Reported graft survival rates in the literature are 69-100% after CS and 79-91% after SS.3,11,30,36,45,46,47,48,49 In our study, the CS and SS groups showed similar 1-year (95.2% and 86.5%) and 5-year (75.9% and 68.9%, respectively) graft survival rates.

Study Limitations

Limitations of our study were that the two groups differed in terms of keratoplasty indications, age, suturing technique, and graft diameter. In addition, other comorbid ocular diseases such as posterior segment disorders and glaucoma, which may have an effect on final CDVA, were not excluded. Strengths of our study are that the surgeries were performed by a single physician and we compared results from a long follow-up period of 5 years.

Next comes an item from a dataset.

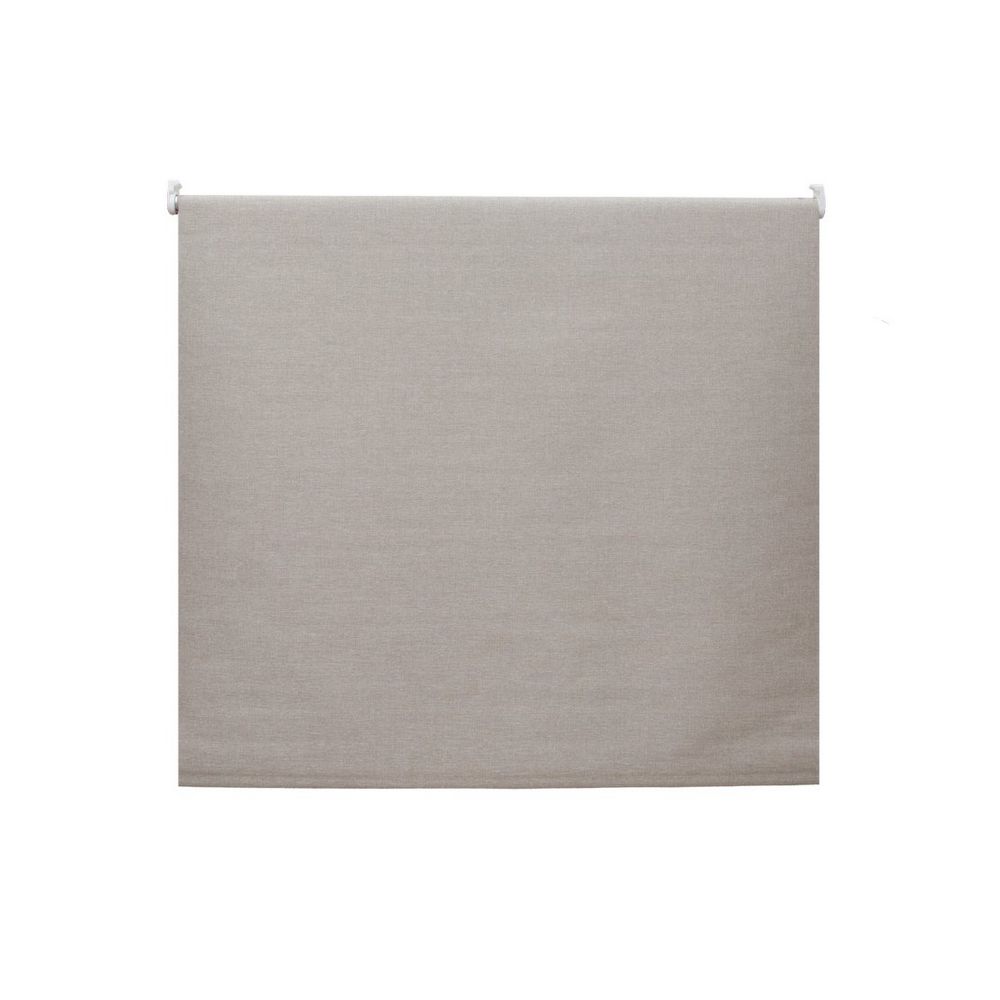 Cortina roller blackout 140x160 cm beige texturizada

CS is advantageous because it involves a single surgery and provides faster visual rehabilitation, as well as reduced anesthesia risks and surgery costs. This is important for older patients with serious health problems and provides a rapid increase in vision. However, SS seems to be more advantageous, especially for young patients, given the low refractive error and expectation of high final visual acuity. Factors such as visual expectations, need for rapid visual rehabilitation, systemic comorbidities, and anesthesia risk should be evaluated to select the most appropriate procedure for the patient.


Ethics Committee Approval: Ministry of Health Ankara Training and Research Hospital Received from the Clinical Research Ethics Committee (number: E. Board-E-19 study: 148).

Informed Consent: Informed consent forms were obtained from all patients before surgery.

Peer-review: Externally peer-reviewed.

Authorship Contributions

Surgical and Medical Practices: A.B., Concept: S.Ö.U., Design: S.Ö.U., A.B., Data Collection or Processing: S.Ö.U., Z.Y.A., Literature Search: E.D., E.Ş., Writing: S.Ö.U., Z.Y.A.

Conflict of Interest: No conflict of interest was declared by the authors.

Financial Disclosure: The authors declared that this study received no financial support.